Source: Football Outsiders
Source: Football Outsiders

Per Mark Bullock, we will likely see Jackson as the “Z” receiver, or flanker, a role not unlike the one A.J. Green had in the Bengals’ offense under Gruden.

The Z receiver is also the starting receiver that is moved around most often. Gruden liked to move Green all over the formation and would often send him in motion to help identify what the defense is doing.

Green was targeted 171 times last season, made 98 catches for 1,426 yards and 11 touchdowns. Jackson was targeted 119 times in Philadelphia  under Coach Chip Kelly’s spread offense, so we could see an increase in the number of times Jackson’s number is called. If D-Jax is targeted close to 150 times in a season, we could see him rack up more than 1,600 yards and double-digit touchdowns. Not a bad fantasy haul for a wideout currently being drafted early in the fifth round as the 22nd receiver taken in mock drafts.
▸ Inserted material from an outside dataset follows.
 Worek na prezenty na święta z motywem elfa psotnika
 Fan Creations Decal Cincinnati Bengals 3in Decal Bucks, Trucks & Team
But that increase in targets has to come from somewhere, and that is likely at the expense of Pierre Garcon, who should continue as the split end (X receiver) under Gruden.

The X receiver lines up on the line of scrimmage and as a result faces more press-man coverage. Marvin Jones worked his way up under Gruden into the X receiver role in Cincinnati, running similar routes to the ones we’ve become accustomed to Garcon running in Washington.

Garcon led Washington in targets last season (174) and was second to Houston’s Andre Johnson (176) for most in the NFL. That is also nearly 100 more than Jones saw as the split end under Gruden: 77 targets, 51 receptions, 712 yards and 10 touchdowns. If Garcon is targeted half as much as last season, we could be looking at a 700 yard, three touchdown campaign. Not nearly high enough to justify taking over D-Jax in a fantasy pool.

“At the end of the day, football is a fun game,” Griffin said. “It’s a beautiful game because it’s more than about just one guy. It’s about a team. And when one guy eats, everybody eats. And that’s what we’re looking forward to, having everybody eating at the dinner table and getting some dessert this year.”

Everyone will eat, just don’t expect the portions to be nearly the same.